> WHAT TO PRODUCE: The records below need to be set down again exactly; their images stay out.

RECORD EXTRACTS START

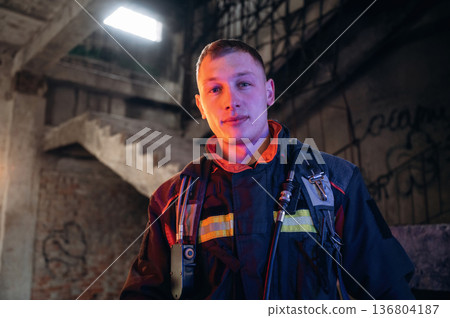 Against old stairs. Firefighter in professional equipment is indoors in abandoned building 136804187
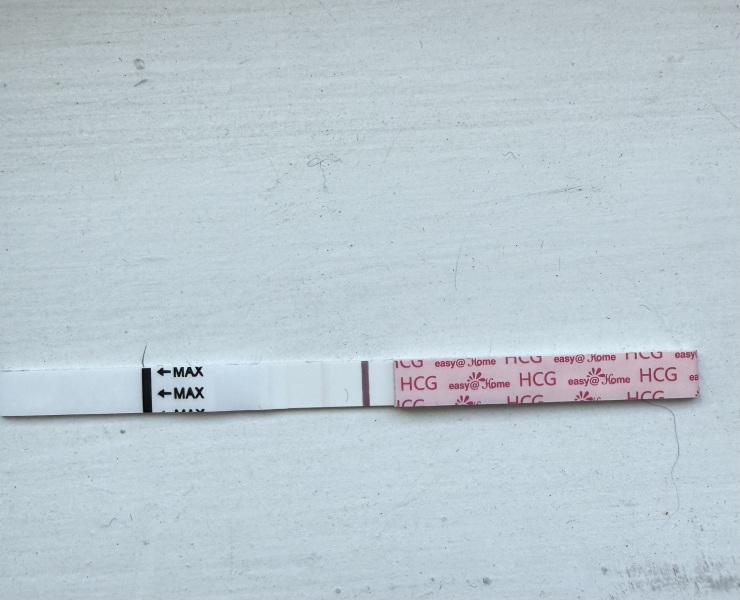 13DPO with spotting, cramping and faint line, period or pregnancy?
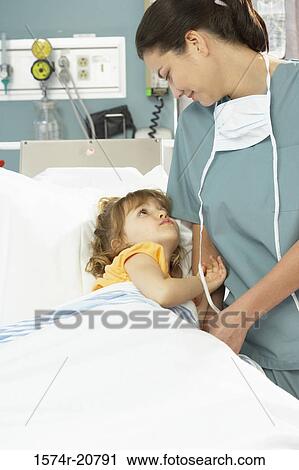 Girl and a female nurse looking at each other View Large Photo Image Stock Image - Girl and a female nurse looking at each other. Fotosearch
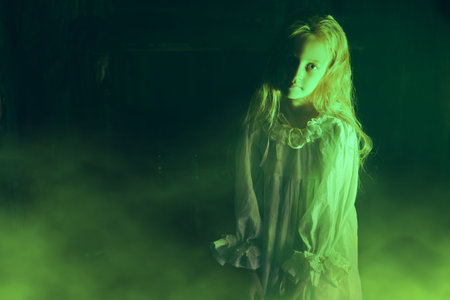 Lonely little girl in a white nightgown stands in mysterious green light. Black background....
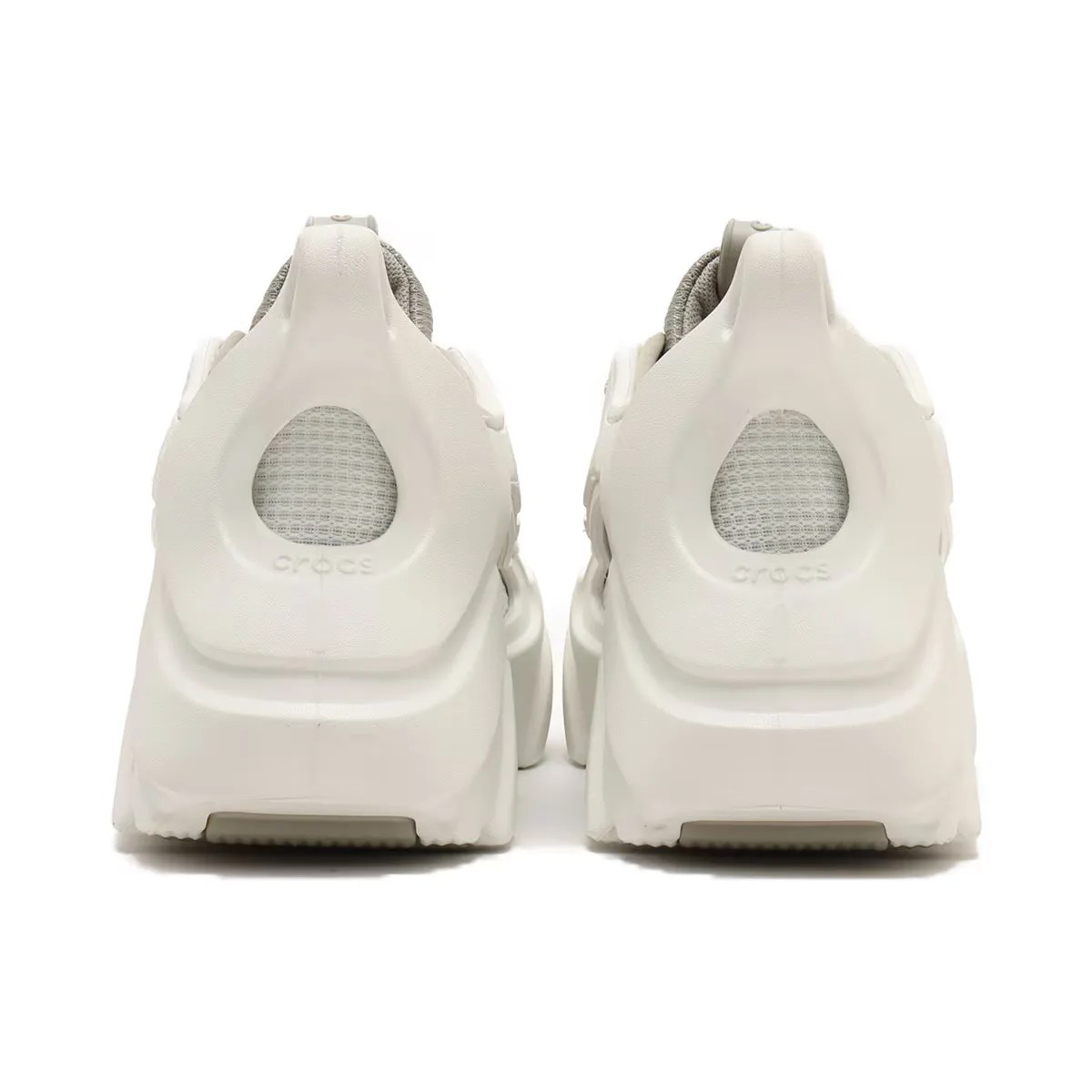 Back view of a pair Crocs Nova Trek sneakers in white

RECORD EXTRACTS END

> EXERCISE RESULT:
 Against old stairs. Firefighter in professional equipment is indoors in abandoned building 136804187
 13DPO with spotting, cramping and faint line, period or pregnancy?
 Girl and a female nurse looking at each other View Large Photo Image Stock Image - Girl and a female nurse looking at each other. Fotosearch
 Lonely little girl in a white nightgown stands in mysterious green light. Black background....
 Back view of a pair Crocs Nova Trek sneakers in white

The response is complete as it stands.